TASK - Once the pictures are removed, restate the listing word for word.

◆ ◆ ◆ ◆

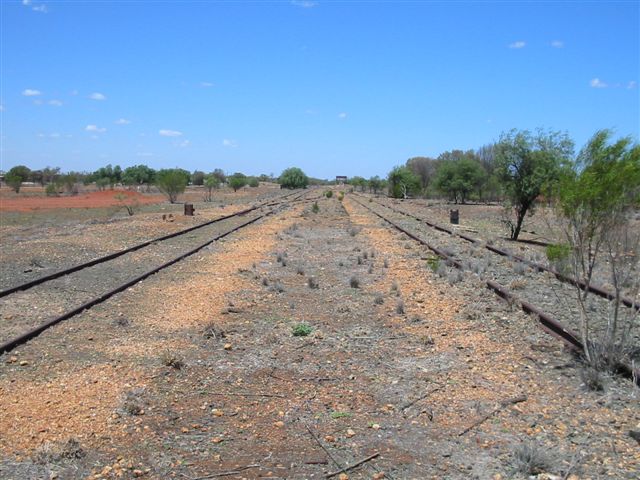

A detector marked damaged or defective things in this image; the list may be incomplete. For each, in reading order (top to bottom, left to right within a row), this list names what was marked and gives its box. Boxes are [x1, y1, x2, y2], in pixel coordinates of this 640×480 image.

rusty railway track [0, 189, 310, 354]
rusty railway track [350, 195, 640, 386]
rusty railway track [360, 193, 640, 314]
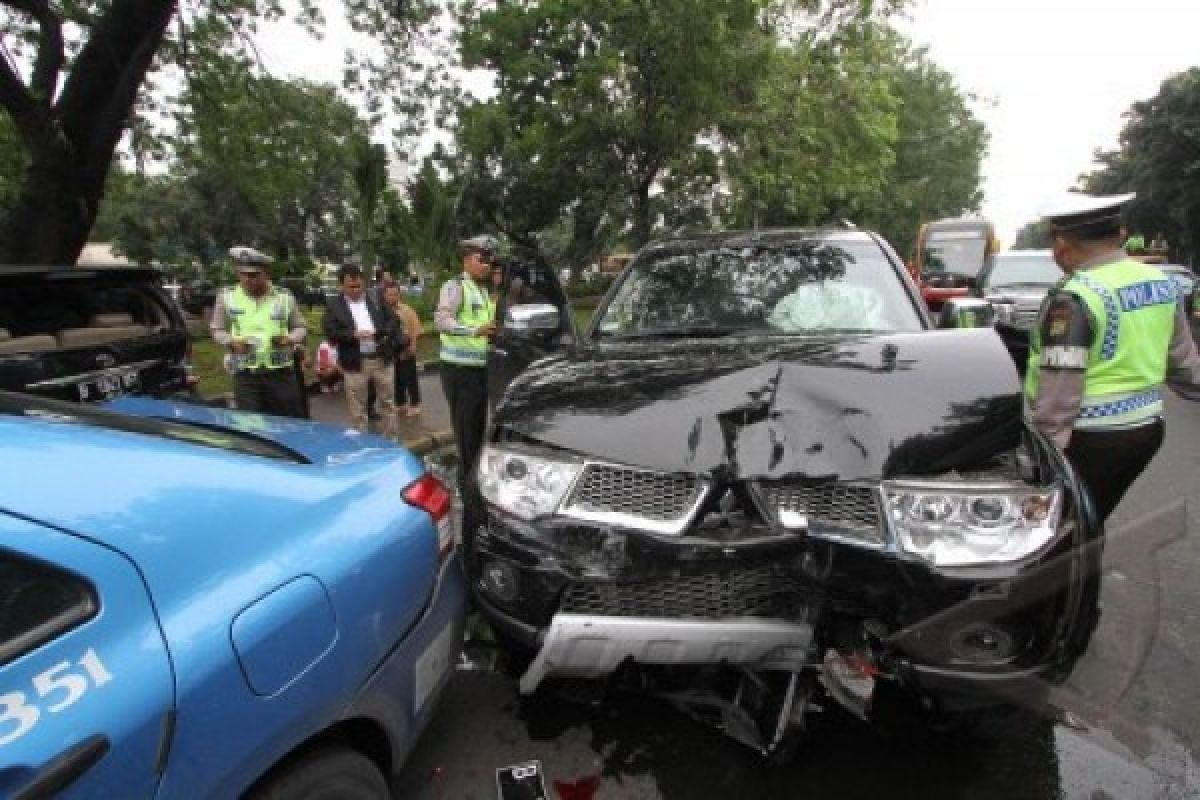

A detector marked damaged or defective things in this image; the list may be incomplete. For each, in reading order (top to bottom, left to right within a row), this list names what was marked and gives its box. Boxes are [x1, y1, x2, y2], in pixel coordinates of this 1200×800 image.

◆ ◆ ◆ ◆

RESPONSE FOR THIS EXERCISE -
A detector marked damaged or defective things in this image; the list may be incomplete. For each, in reading order (top to bottom, left to right within a row), this list names what was marked and gives its box. Boxes are [x1, y1, x2, y2], in pixel coordinates of this 640×480 image.

rusty railway track [0, 189, 310, 354]
rusty railway track [350, 195, 640, 386]
rusty railway track [360, 193, 640, 314]

A detector marked damaged or defective things in this image; the list may be incomplete. For each, in reading order (top to bottom, left to right within a row), this list names what was marked and gives its box. Boxes are [x1, y1, x2, y2], in pixel coordinates of this 1200×800 image.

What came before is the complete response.